[[ INFORMATION SUPPLIED open ]]

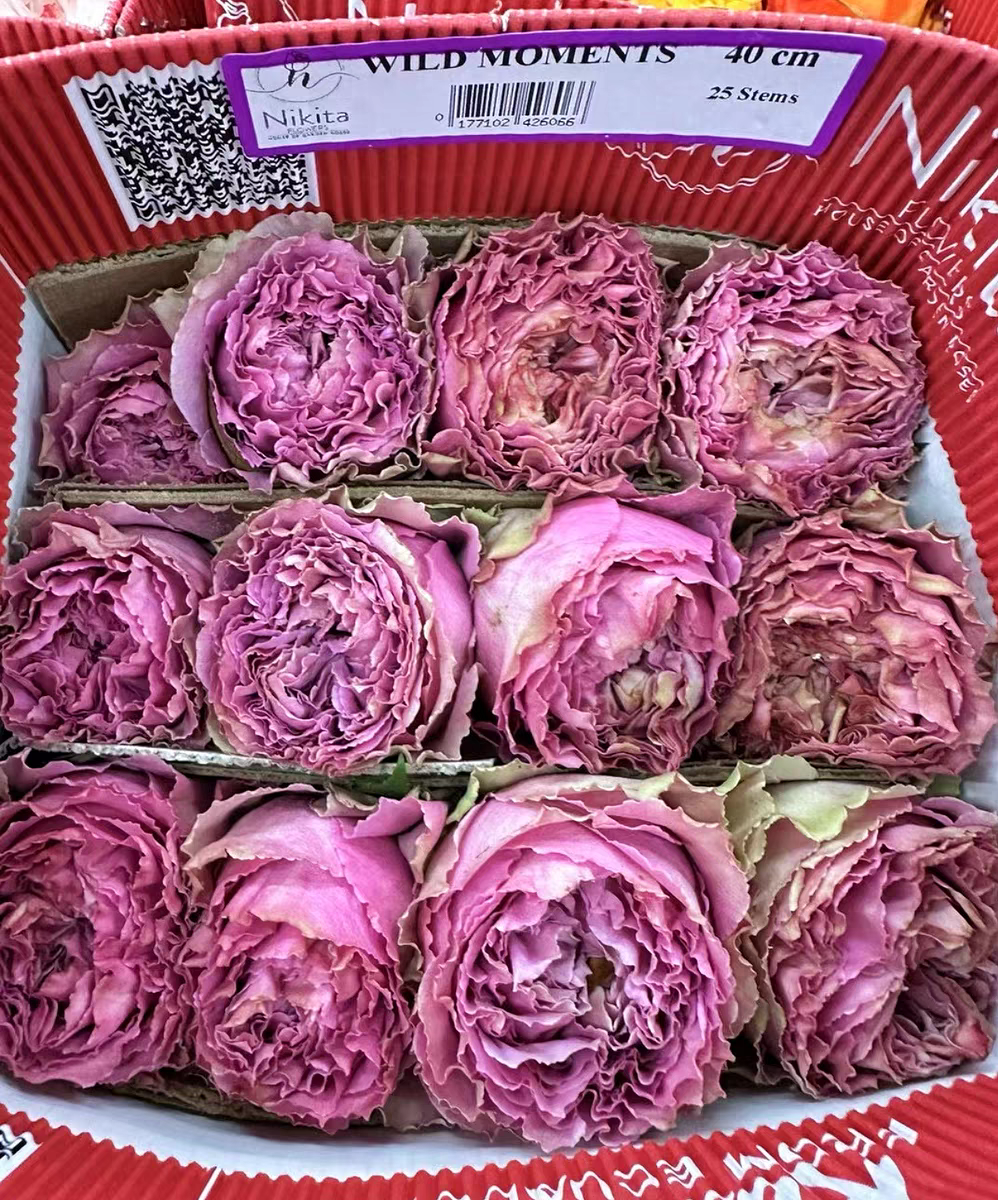 2022/06/1000036290.png WILD MOMENTS - Image 1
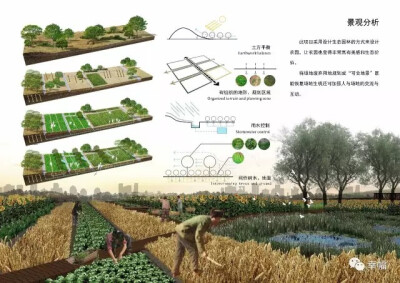 玩转滨水景观！—广东文艺职业学院艺术设计系城市园林与景观方向毕业作品
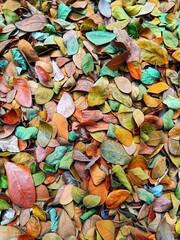 Abstract texture pile of dried leaves scattered on the ground as background. Autumn season concept.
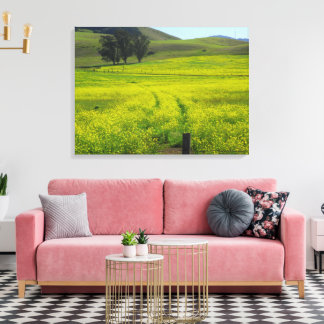Beautiful Senf Seed Fields California Foto Leinwanddruck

[[ INFORMATION SUPPLIED closed ]]

*TASK ITEM:*
Omit the pictures, then quote the rest of the material above exactly.

*THE COMPLETED TASK:*
 2022/06/1000036290.png WILD MOMENTS - Image 1
 玩转滨水景观！—广东文艺职业学院艺术设计系城市园林与景观方向毕业作品
 Abstract texture pile of dried leaves scattered on the ground as background. Autumn season concept.
Beautiful Senf Seed Fields California Foto Leinwanddruck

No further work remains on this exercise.